──────── Given data

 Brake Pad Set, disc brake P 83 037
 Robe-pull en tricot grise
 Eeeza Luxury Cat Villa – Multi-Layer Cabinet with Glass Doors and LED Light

────────────────

> **What the task requires**: Your task is to return all of the material exactly.

> **Task solution**:
 Brake Pad Set, disc brake P 83 037
 Robe-pull en tricot grise
 Eeeza Luxury Cat Villa – Multi-Layer Cabinet with Glass Doors and LED Light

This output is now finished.